The report identifies four areas companies are addressing climate change in potentially profitable ways: improved energy conversion efficiencies; low-carbon energy conversion technologies; carbon capture and storage; and displacing high-intensity with low-intensity carbon sources. Citigroup analyst Peter Suozzo (who authored the report) then picks twelve companies with strong performance in these areas where they are generating significant revenue, and explains each company's "pick and shovel proposition" (or the tools it uses to mitigate climate change.) Companies recommended including Archer Daniels Midland, Cypress Semiconductor, Johnson Controls, Monsanto, and Waste Management.

"For investors looking for exposure to low-carbon technologies, large companies operating in growth areas can offer stable upside potential, while small listed companies with proven technologies can offer more 'pure' exposure to trends toward carbon constraints," writes Suozzo.

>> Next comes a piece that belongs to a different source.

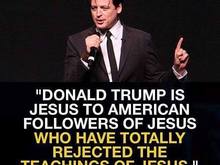 Uh-oh, this is right up John Fugelsang's alley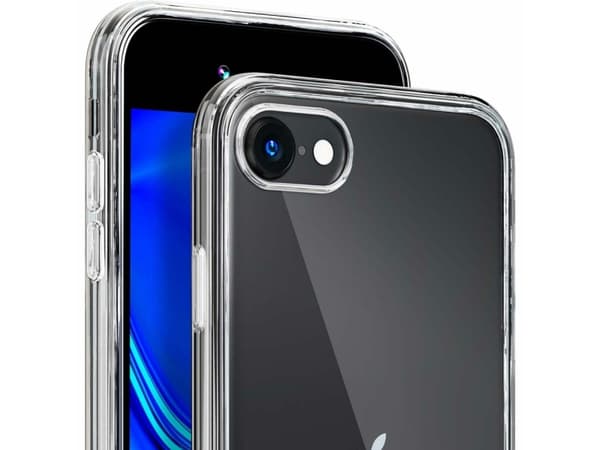 3MK Clear Case, iPhone 7/8/SE 2020/SE 2022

For example, Itron makes radio-frequency-based automated meter reading (AMR) devices. In Itron's "pick and shovel" section, Suozzo identifies how AMRs enable electric utilities to manage supply and demand more efficiently and incentivize conservation by charging more for electricity at peak demand times. He then provides numerous specific examples of how Itron uses its tools.

Suozzo is much less expansive on explaining the environmental for investing in Caterpillar -- the "pick and shovel" section is a mere two sentences long, explaining how Caterpillar produces low-emission diesel engines. This is also an instance where a company's climate-related benefits may not outweigh its social risks -- in this instance, Caterpillar's refusal to address human rights concerns associated with the use of its bulldozers by the Israel military to destroy Palestinian homesteads.

Indeed, investors must weigh the degree to which the environmental benefits outlined in the report drive business for the companies recommended. Suozzo admits as much in profile on General Electric.

"Because of the sheer size of GE's product portfolio, 'picks and shovels' climate technologies are not significant enough to drive earnings and share price on their own," he writes. "Nevertheless, GE is a significant beneficiary of regulatory and social trends, and no investor interested in this area should overlook it."

After profiling the companies, the report moves into what will likely constitute its "meat" for some readers -- its overview of climate-rated regulatory trends on the regional, national, and international sphere.

"The U.S., like Australia, has passed no binding national legislation to reduce GHG emissions," writes Suozzo. "Thus, the perception has arisen among investors that there is little activity related to climate policy or regulation of GHGs in the U.S.."

"While this may have been true some years ago, there is sufficient activity at the current session of the U.S. Congress, as well as at the state and local level, to warrant investor attention," he adds. "A 'push-me-pull-you' dynamic is at work: Society and some politicians are 'pushing' for regulation, while business is 'pulling' for certainty and solutions."

The report outlines the various climate-related bills and proposed legislation. These range from the Strong Economy and Climate Protection Act of 2006 introduced by Senator Feinstein (D-CA), which seeks to place market-based caps on GHG emissions, to the Keep America Competitive Global Warming Policy Act of 2006 introduced by Representatives Udall (D-NM) and Petri (R-WI), which proposes a cap-and-trade framework.

While the report takes an ecumenical stance on the politics of climate change, it does seek to inform investors of how climate-related regulations will impact business.

"Arguably, from the standpoint of business, a comprehensive federal response to climate change is preferable to a patchwork of state and local climate policies," write Suozzo. "However, precisely when the U.S. will reach this point is unclear."